Chapter Sixty Four - Vaidehi

There was no reason for her to be staying in the chawl. But here she was, living in a single room, amidst the kind of people she had disliked since childhood. 

Born into an upper-class family, she had spent her childhood being pampered by her father because she was the only child. She got what she wanted as soon as she asked for it; sometimes, even without asking. 

Driving to school in her air-conditioned BMW, she often looked out of the tinted window at the children begging or cleaning cars and felt sorry for them. That’s all she felt – sorry.

Once, when she had stepped out of her car at the school gate, a beggar - a girl of her age had approached her and begged for money. The girl had touched her and Vaidehi had cringed. Instead of going into the school she had climbed back into her car and returned home to take a shower.

It was not her fault, really. That was how she was raised. Her father was a proud man, too proud of his wealth, his status. Thousands of workers were employed in his factories and he felt as if he was the God of their lives. He was – kind of. He was their provider. 

It was a good thing that he had employed so many people even though he could easily replace them with new technologies – faster and cheaper option. The only problem was that he had let this go to his head and the same attitude transferred to his daughter.

Vaidehi was easily enrolled in one of the best colleges. She was a brilliant student but spent less time studying and more time socialising with her friends – those who shared her social status. She went to clubs and parties, she smoked and consumed alcohol, she danced as if no one was watching and lived a carefree life.

It was at one of these parties that fate played its ace card. The card, that changed the course of her life – leading her to the place where she was. 

It was at one such parties that she saw him. he was not one of her social group, he was the one serving them. He looked like one of the serving staff, but it turned out he was more than just that. He was made available for the host for whatever purpose she needed him for.

It was a party hosted by one of her college friends because it was her birthday and her rich parents had hired him to entertain their spoiled girl.
Only when the host unbuttoned his shirt and exposed his bare chest, did Vaidehi realize what he really was.

She could not stop staring at the muscles of his bare chest. He did not button his shirt, nor did he take it off. He let it be the way it was and continued serving drinks. 

The guys laughed at him and the girls stared. A few touched his chest and laughed, some slipped their numbers. The host followed him wherever he went. She was too drunk to understand or care what she was doing. She caught up with him when he stepped out for a smoke. Vaidehi followed them and watched standing near the door.

He was about to button his shirt when the host stopped him and then unbuckled his belt and unbuttoned his trousers. He stopped her before she could unzip the fly. 
She moved closer to kiss him, but he moved back.

Vaidehi wanted to step outside and control her friend but she did not. A part of her wanted to be there, doing all those things to him and a part of her felt sorry for him. 
The host slapped him when he moved back; Vaidehi watched, too shocked to react. The man buttoned his trousers and shirt and climbed over the waist-length wall of the balcony to step into the open space and disappeared into the night. 

That was the first time Vaidehi had seen him, but it was not the last. She made sure it was not the last. She did not come face to face with him, but she found out all about him – where he stayed, his financial status – which was not so good, his qualification – which was decent, he could be doing any decent desk job.

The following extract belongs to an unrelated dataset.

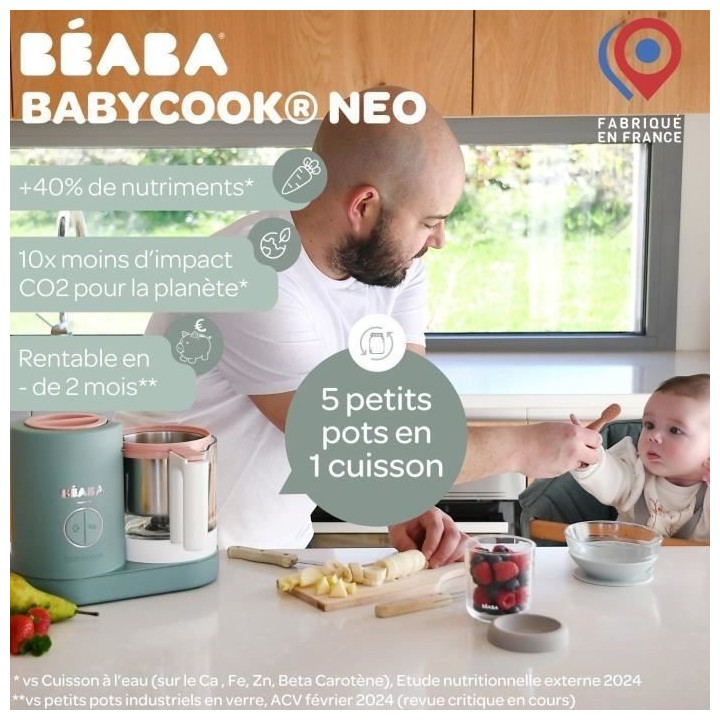 BEABA, Babycook Néo Robot Cuiseur Bébé 6 en 1, Made in France, Euca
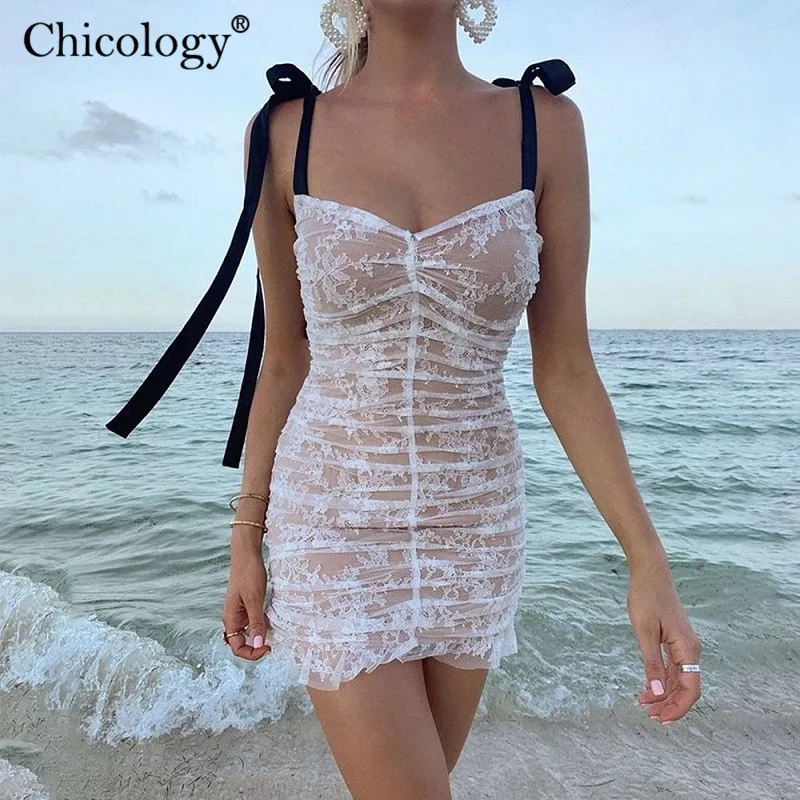 Женское пляжное мини-платье Chicology регулируемое Платье на шнуровке с широкими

She wanted to employ him in one of her father’s factories but, for the first time she thought it was a bad idea asking something from her dad. 
For reasons she did not know, she wanted to keep him a secret from her father. The man who had become a part of her dreams had to stay away from her father’s eyes.

One day, he disappeared from his rented room. He fled from the city. Vaidehi managed to track him with the help of the private investigator she had hired to follow him.
She held the history of his life in her hand. The file the investigator had given her was proof of the dark past this man had. 

He had spent time in juvenile – arrested for drugs. He had made his own life, studied his way out of the dark life; unfortunately, it followed him like a shadow.
He fell back into the darkness because he needed money to pay for college. He became an entertainer. Not a gigolo, but an entertainer – he made himself available with limitations. 
As far as records showed he never had sexual intercourse with anyone. This made Vaidehi very happy.

He worked at parties, the kind her friend had thrown. He earned enough money by letting desperate girls touch him and kiss him.
Considering that he had done this in the past, he should have not been offended when Vaidehi’s friend had tried to kiss him, but he had been offended. Clearly, he was fed up of the life he led. He needed a break from it.
And, so – he fled. Away from his past, away from the people who knew him. He wanted a fresh start. The only problem was – Vaidehi could not let him go.

When Vaidehi learned that he had shifted to Mumbai, she followed him. she told her father that she needed a break from the routine. She told him that she wanted to go to Mumbai. Her father said yes, like he always did. He handed her the keys of one of his bungalows in Mumbai. She took the keys, but she knew she would not be staying in the bungalow.

Had she told her father what she was up to, he would have not approved. her obsession with this man was turning into something else.
When she learned that he had rented a room in a chawl, she knew what she had to do. She had to be his friend, it was time to come face to face with him.

So, she bought a room in the same chawl.